The fires and the loss of life and property that they have caused are neither pointless nor mundane. This tragedy is just unthinkable.
May all those you love be safe. Let us hear from you!
The fires and the loss of life and property that they have caused are neither pointless nor mundane. This tragedy is just unthinkable.
May all those you love be safe. Let us hear from you!
I had a lovely time when I visited Bendigo and Melbourne, and came back with an abiding love of Oz and her people. The stories we hear are truly horrifying. I hope you are getting all the help you need, and that all your loved ones are safe and accounted for. Is there a web site where international donations may be made?
Standing with you in spirit.
The Red Cross are charity you should use if you were thinking about donating. Last I heard total donations were +$50m, but who knows how much money will be needed in the long run. A lot more than that, I’m thinking.
Aussie doper here.
Things I have achieved today:
Bought a bunch of lovely new underwear in larger sizes, collected blankets pillows linen, ransacked my closet and found three sets of clothes suitable for folk to wear to funerals, decided to part with my biggest teddy bear, filled a bag with tinned/shelf stable food, found a spare mobile charger (most folks who have their mobiles lost their chargers with everything else) and collected all my nices unopened smelly toiletries. The whole lot amongst a shed load of other local donations went on a truck to the fire victims this arvo.
I live 45k from the Victorian border and we have been getting the smoke since Sunday It is a constant reminder of what is happening not so far away. At least today I feel like I have done something
Sydney here - so we’re all ok. It’s just a national tragedy so very sad. I have family in Gippsland, but not in the affected areas.
We’re getting rain throughout New Zealand, with more expected to come. I’ll use the power of my mind to try and shunt the weather westward. Also, I’ve donated $30 to the Red Cross.

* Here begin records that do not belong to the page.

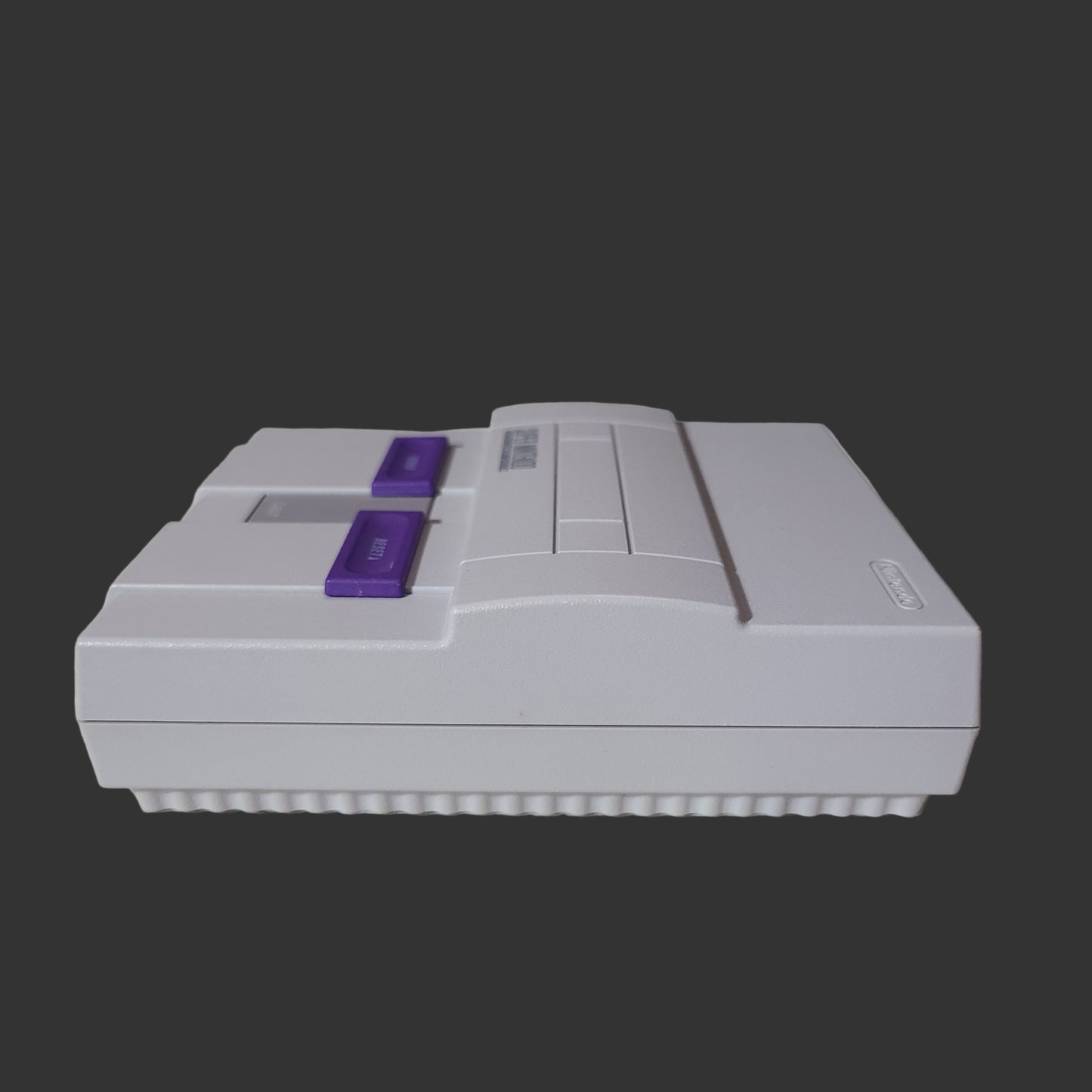 Super Nintendo NES Classic Mini Edition - Tested - LIKE NEW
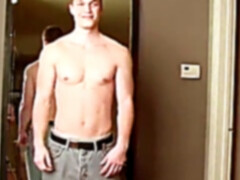 Getting off, fag, masturbare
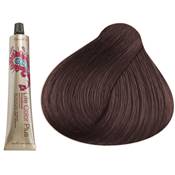 LIFE COLOR 6.15 Blond Fonçé Cendré Acajou tube 100ml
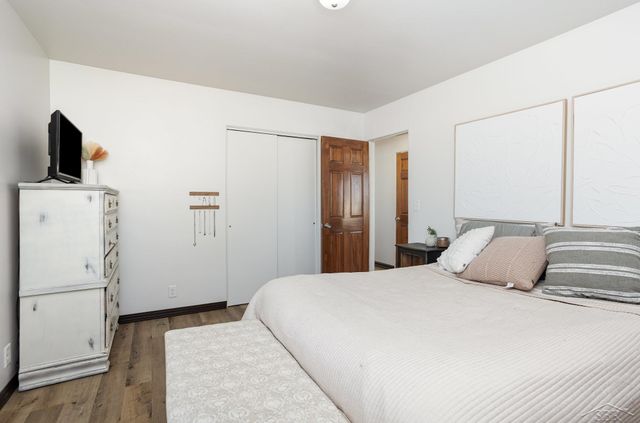 544 W North Union Road, Auburn, MI 48611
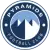 Pyramids FC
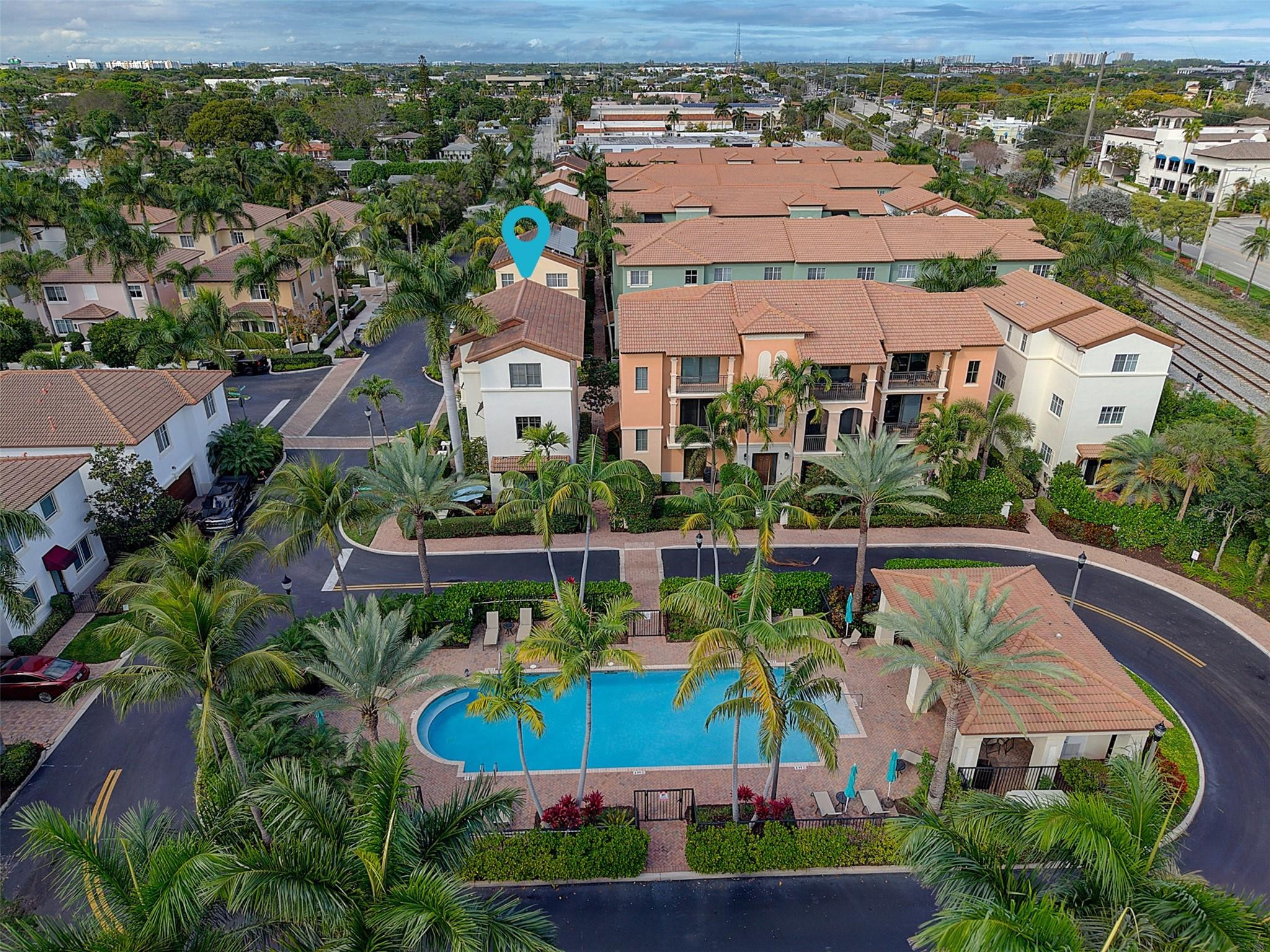 MLS #F10545242 image #14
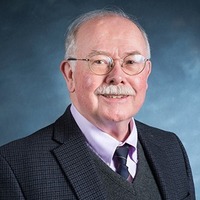 Arthur, S.J. Madigan Arthur, S.J. Madigan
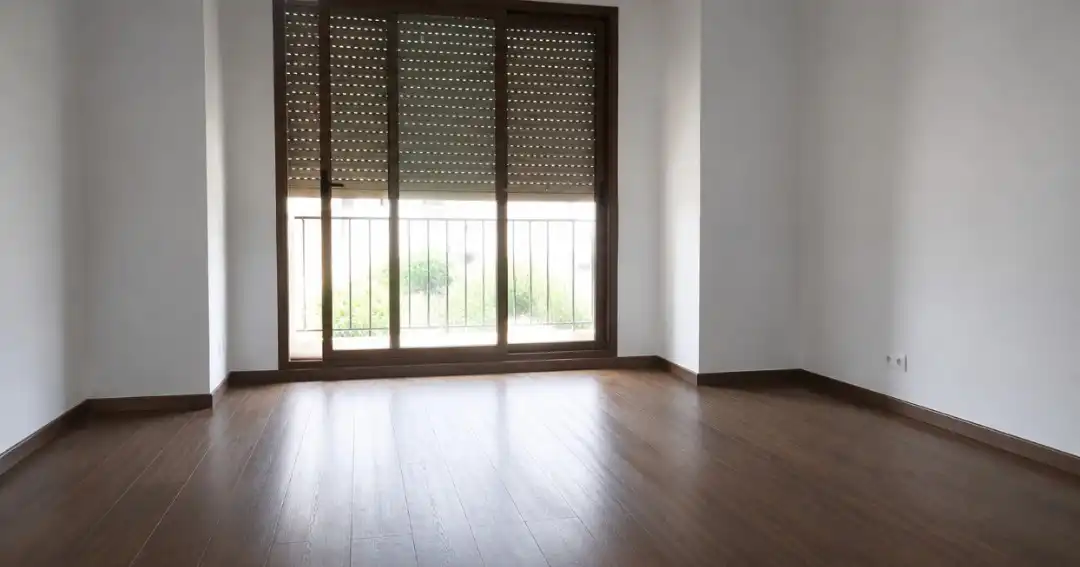 Houses for sale in Sevilla  with Air Conditioner, Private garden and Terrace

Southern Californian here. I know we get lots of attention, sympathy and support when the fires come our way. Just sending a little back your way. Stay safe. Stay well. Stay in touch.
What is truly bizarre about this is that while the bushfires in the south are rightly getting enormous attention and sympathy, great swathes of the northern part of the country are under flood. About 60% of Queensland (Queensland is huge) is flood affected. There has been much less loss of life from the floods, and so this is not some misplaced plea for an extra dose of sympathy, just an observation that we live in strange times.

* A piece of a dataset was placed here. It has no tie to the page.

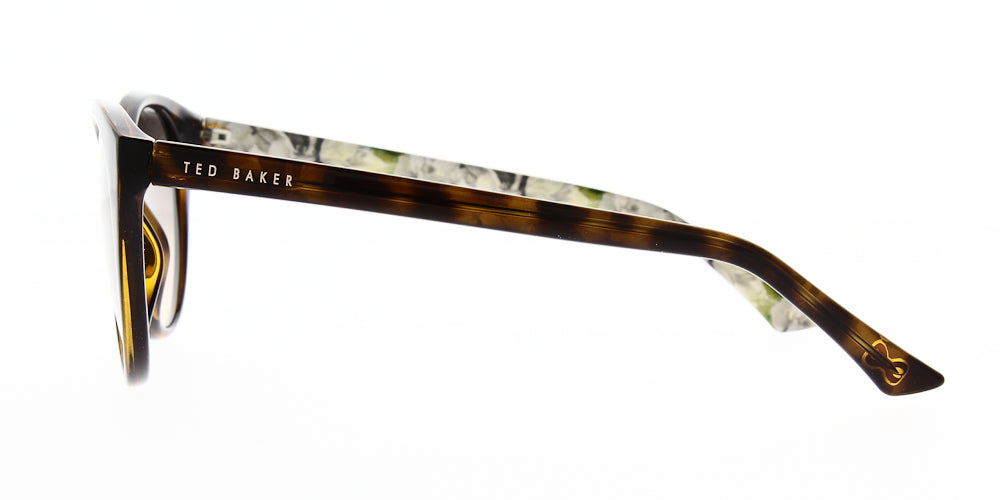 lisbet-tb158322-55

It certainly makes living in New South Wales very surreal.
Floods to the north of me,
Fires to the south,
Here I am
Stuck in the middle with you
And Brisbane has just been hot and boring. But I go to Perth on Saturday.
If you wish to give to the Australian Red Cross, they take online donations here. There is a selection on the donation page where you can direct your contribution to the Victorian Bushfire Appeal. For those with little to give, they take donations as small as $5, and every little bit helps. This page explains their plans for using the donated funds. The web page says they’re having some reponse time problems on occasion, but it worked just fine for me.
The nearest bushfire this season (deliberately lit, too) made it about eight km from my house.
Of course, I live in the centre of Sydney, so it wasn’t exactly as though we were in danger. Now that I think about it, this is probably the closest a bushfire could possibly come to my house.
My employer’s doing a Red Cross donation-matching thing. According to the intranet, the pool will be a bit over $40,000 once they match out.
Although it is extreme weather, it is not really that bizarre. The south of Australia tends to be hot and dry in summer and the north of Australia is normally hot and wet, so it should be no surprise that while SA and Vic are having a heat wave, Queensland would be feeling the brunt of the wet season.
I’m sitting at Melbourne airport at the moment waiting to fly to Broome, and it’s quite smokey, more than it has been for the last four days I’ve been here (in Melbourne that is, not the airport.) Nothing on the news about it so hopefully it’s just a localised controlled fire.
Keeping in mind that summer bushfires are the norm (it’s the loss of life that’s unusual in this case), one of my favourite parts of Summer is the smell of the eucalypt smoke for three days or so as it drifts into Sydney from the fires in the Blue Mountains or Ku-Ring-Gai or Royal National Parks.
It was the Victorian fires that made me realise I’d missed it this year - when the fires were in Lane Cove park the wind was blowing in the wrong direction. It’s one of those weird things. Sure it means death and destruction, but the smoke’s still the smell that somehow lets me know I’m home.